*What this task involves*
Look through the material below and copy exactly the lines from the line with "HERTH+BUSS JAKOPARTS Wasserpumpe" to the line with "Comercial · 3424m²", those two lines included.

*Available data*
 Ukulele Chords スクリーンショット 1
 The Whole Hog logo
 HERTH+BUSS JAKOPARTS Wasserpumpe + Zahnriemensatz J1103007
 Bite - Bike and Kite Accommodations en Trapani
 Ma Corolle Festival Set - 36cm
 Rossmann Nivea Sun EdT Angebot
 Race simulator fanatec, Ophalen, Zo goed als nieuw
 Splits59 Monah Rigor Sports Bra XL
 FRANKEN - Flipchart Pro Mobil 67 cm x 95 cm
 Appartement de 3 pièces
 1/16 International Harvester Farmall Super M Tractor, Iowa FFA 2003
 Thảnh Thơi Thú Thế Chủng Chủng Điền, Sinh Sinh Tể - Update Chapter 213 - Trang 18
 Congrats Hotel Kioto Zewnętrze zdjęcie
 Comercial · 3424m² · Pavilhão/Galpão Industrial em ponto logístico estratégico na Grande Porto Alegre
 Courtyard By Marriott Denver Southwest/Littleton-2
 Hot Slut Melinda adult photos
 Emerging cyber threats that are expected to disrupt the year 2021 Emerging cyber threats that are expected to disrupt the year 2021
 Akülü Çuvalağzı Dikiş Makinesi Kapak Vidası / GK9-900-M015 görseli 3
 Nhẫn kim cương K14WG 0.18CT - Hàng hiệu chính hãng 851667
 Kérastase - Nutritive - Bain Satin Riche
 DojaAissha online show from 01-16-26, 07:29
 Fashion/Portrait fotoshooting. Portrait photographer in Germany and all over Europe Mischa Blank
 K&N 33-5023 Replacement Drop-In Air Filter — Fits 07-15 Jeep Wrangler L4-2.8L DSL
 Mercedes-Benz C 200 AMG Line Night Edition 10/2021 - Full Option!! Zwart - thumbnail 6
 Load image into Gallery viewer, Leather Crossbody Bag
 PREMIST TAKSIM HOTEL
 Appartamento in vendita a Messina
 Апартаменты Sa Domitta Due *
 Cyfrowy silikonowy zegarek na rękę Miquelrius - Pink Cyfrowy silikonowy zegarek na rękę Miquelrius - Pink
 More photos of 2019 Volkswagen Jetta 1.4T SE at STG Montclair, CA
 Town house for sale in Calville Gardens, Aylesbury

*Result*
 HERTH+BUSS JAKOPARTS Wasserpumpe + Zahnriemensatz J1103007
 Bite - Bike and Kite Accommodations en Trapani
 Ma Corolle Festival Set - 36cm
 Rossmann Nivea Sun EdT Angebot
 Race simulator fanatec, Ophalen, Zo goed als nieuw
 Splits59 Monah Rigor Sports Bra XL
 FRANKEN - Flipchart Pro Mobil 67 cm x 95 cm
 Appartement de 3 pièces
 1/16 International Harvester Farmall Super M Tractor, Iowa FFA 2003
 Thảnh Thơi Thú Thế Chủng Chủng Điền, Sinh Sinh Tể - Update Chapter 213 - Trang 18
 Congrats Hotel Kioto Zewnętrze zdjęcie
 Comercial · 3424m² · Pavilhão/Galpão Industrial em ponto logístico estratégico na Grande Porto Alegre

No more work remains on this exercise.